Het rapport van de de Stichting Agrifacts over het ontbreken van een verband tussen bijensterfte en het gebruik van insectenbestrijdende neonicotinoïden voldoet niet aan criteria voor goed wetenschappelijk onderzoek.
Dat stellen onderzoekers van Universiteit Leiden, Wageningen Universiteit, Kenniscentrum Insecten en de Vlinderstichting.
Geen adequate analyse
De conclusie dat er geen relatie kan worden gelegd tussen de afname van aantallen bijensoorten en het gebruik van neonicotinoïden in de landbouw, is volgens de onderzoekers niet gebaseerd op een adequate analyse. Bovendien, zeggen de onderzoekers, is er in de wetenschap algemene overeenstemming over het feit dat de achteruitgang van bijen veroorzaakt wordt door een complex van factoren (en dus niet uitsluitend door het gebruik van neonicotinoïden). “De belangrijkste factoren die bijdragen aan de achteruitgang van wilde bijen zijn verlies van habitat, intensivering van de landbouw, stikstofdepositie, blootstelling aan gewasbeschermingsmiddelen en gebrek aan voedsel (nectar en stuifmeel)”, aldus de onderzoekers. Deze factoren kunnen elkaar ook nog eens versterken.
Agrifacts heeft geen gebruik gemaakt van bestaande wetenschappelijke onderzoeken over het effect van neonicotinoïden op wilde bijen
Bestaand onderzoek
Volgens de onderzoekers heeft Agrifacts in de studie geen gebruik gemaakt van bestaande wetenschappelijke onderzoeken over het effect van neonicotinoïden op wilde bijen. Een voorbeeld daarvan is een onderzoek uit 2017 waarin werd vastgesteld dat over een periode van 18 jaar bijensoorten die foerageren op koolzaad, waarop neonicotinoïde-coating was gebruikt, 3 keer zoveel in aantal achteruitgingen als soorten die niet op koolzaad foerageren.
Lees verder onder de foto
Conclusie onterecht
In de reactie op het Agrifacts-rapport zeggen de onderzoekers ook dat kieskeurige bijen het moeilijker hebben dan bijen die minder eisen stellen aan hun leefomgeving. Dat is een veronderstelling die onderzoeker Geesje Rotgers van Agrifacts ook met zoveel woorden deed bij de presentatie van haar rapport.
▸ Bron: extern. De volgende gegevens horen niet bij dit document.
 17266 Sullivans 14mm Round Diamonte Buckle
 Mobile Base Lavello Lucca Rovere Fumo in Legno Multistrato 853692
Maar volgens de onderzoekers trekt ze ten onrechte de algemene conclusie dat ‘wilde bijen en hommels (zeer) kieskeurig zijn’.
Soorten met specifieke eisen – bijvoorbeeld omdat de foerageren op een bijzondere plant – hebben het lastiger als in de natuurgebieden waar ze leven in kwaliteit worden aangetast door ‘stikstofdepositie, verdroging en versnippering van het habitat, de afwezigheid van grote populaties voedselplanten en nestplaatsen of de afwezigheid van hun gastheer’. Die factoren waren al aanwezig voordat neonicotinoïden op de markt kwamen. “Daarmee is echter niet bewezen dat neonicotinoïden geen negatieve effecten hebben op (wilde) bijen en/of de terugkeer naar het landelijk gebied niet in de weg staan”, aldus de onderzoekers.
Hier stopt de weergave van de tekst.